Decided: February 23, 1976.


Davidson, J.s.c.


[142 NJSuper Page 374] Defense counsel objected to the prosecutor's opening statement to the jury in this criminal case.

He claimed that the prosecutor, in outlining the State's case, referred to proofs which the State obtained by impermissibly using defendant's grand jury testimony.

Defendant had testified before the Union County grand jury inquiring into municipal corruption in Linden, New Jersey, on several occasions during 1972 and 1975. Subsequent to his grand jury testimony he was indicted for bribery, attempted extortion and perjury.*fn1 During this period defendant was the mayor of Linden.

Because of defendant's status as a public employee he was entitled to a self-executing legislative grant of immunity from the use of his grand jury testimony or any evidence derived therefrom in subsequent criminal proceedings. N.J.S.A. 2A:81-17.2a2; State v. Vinegra , 134 N.J. Super. 432, 440 (App. Div. 1975).

In Kastigar v. U.S. , 406 U.S. 441, 92 S. Ct. 1653, 32 L. Ed. 2d 212 (1972), the Supreme Court held that, once a defendant demonstrates that he testified under a grant of immunity, the State has the burden of showing that the evidence it intends to produce is not tainted with defendant's own testimony, by establishing that the State has an independent legitimate source for the evidence other than that testimony. This burden is referred to as a "heavy" one. It is not limited just to the negation of taint, but it imposes an affirmative duty on the State to prove that the evidence it proposes to use is derived from a legitimate source wholly independent of the compelled testimony. 406 U.S. at 460, 92 S. Ct. at 1665, 32 L. Ed. 2d at 226; State v. Vinegra, supra 134 N.J. Super. at 440. Thus, the court is concerned not only with the use of defendant's words themselves, but with any derivative use the State may have made of what defendant said before the Union County grand jury.

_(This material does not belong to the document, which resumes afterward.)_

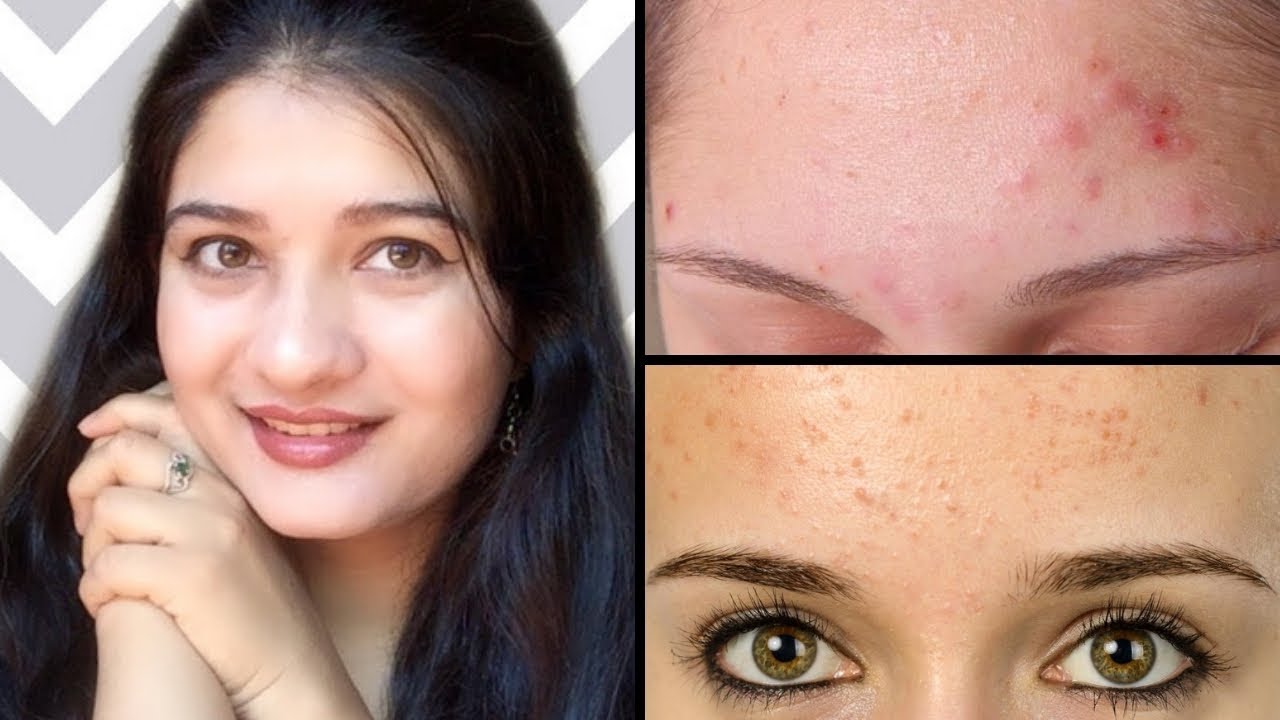 Clear tiny forehead Bumps How to get rid of Small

The court, therefore, held an evidentiary hearing consistent with Kastigar and Vinegra to determine whether the evidence the State proposed to introduce against defendant, as set forth in the State's written offer of proof, was tainted and must, therefore, be suppressed.

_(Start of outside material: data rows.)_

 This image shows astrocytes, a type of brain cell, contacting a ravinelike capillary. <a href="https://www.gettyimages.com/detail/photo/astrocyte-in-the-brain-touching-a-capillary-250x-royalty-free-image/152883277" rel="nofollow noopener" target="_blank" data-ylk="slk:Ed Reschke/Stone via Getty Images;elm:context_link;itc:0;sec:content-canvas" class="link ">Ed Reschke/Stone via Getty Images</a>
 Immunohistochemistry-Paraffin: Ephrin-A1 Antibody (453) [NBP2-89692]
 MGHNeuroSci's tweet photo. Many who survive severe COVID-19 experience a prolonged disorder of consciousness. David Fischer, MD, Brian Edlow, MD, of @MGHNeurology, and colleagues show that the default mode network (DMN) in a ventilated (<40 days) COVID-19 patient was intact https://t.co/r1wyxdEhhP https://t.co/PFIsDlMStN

The court read the testimony of defendant on the occasions of his appearance before the Union County grand jury. Not every word that defendant testified to in his six appearances before the grand jury was read, but rather those portions of the transcript called to the court's attention by counsel and those portions in which reference is made to the subject matter of this indictment.

Further, the court heard the testimony of Prosecutor's Detective Russell Thomas, former Assistant Prosecutor Eugene Rosner, Prosecutor's Investigator Bonelli and Dominick Mirabelli, Esquire, counsel for Thomas Siggia.

The court also read the grand jury testimony of the three persons named in the State's offer of proof, namely, Thomas Siggia, Nicholas Perna and Edward Kologi.

The court in addition read several portions of defendant's grand jury testimony which were unrelated to the charges in the present case in order to appreciate the method of questioning before the grand jury. The court did this in anticipation of defense counsel's argument that the broad extent and kaleidoscopic pattern of questioning in the grand jury make it impossible for the State to establish an independent source of information. Defendant's counsel has referred to his argument as a "ball of wax" approach. The court will accept this designation as a convenient label by which it can discuss his argument.

The court notes at the outset that it is not called upon in this hearing to judge the quality or the efforts of the staff of the Union County Prosecutor's Office as it undertook a broad investigation into possible municipal corruption in the City of Linden. The court is only concerned with the particular indictment at hand, an indictment in which defendant is charged in count 1 with bribery and in count 2 with attempted

extortion by a public official in that he solicited the sum of $25,000 from Thomas Siggia, the vice-president of the corporation that was the successful bidder and built the Linden Vocational-Technical High School.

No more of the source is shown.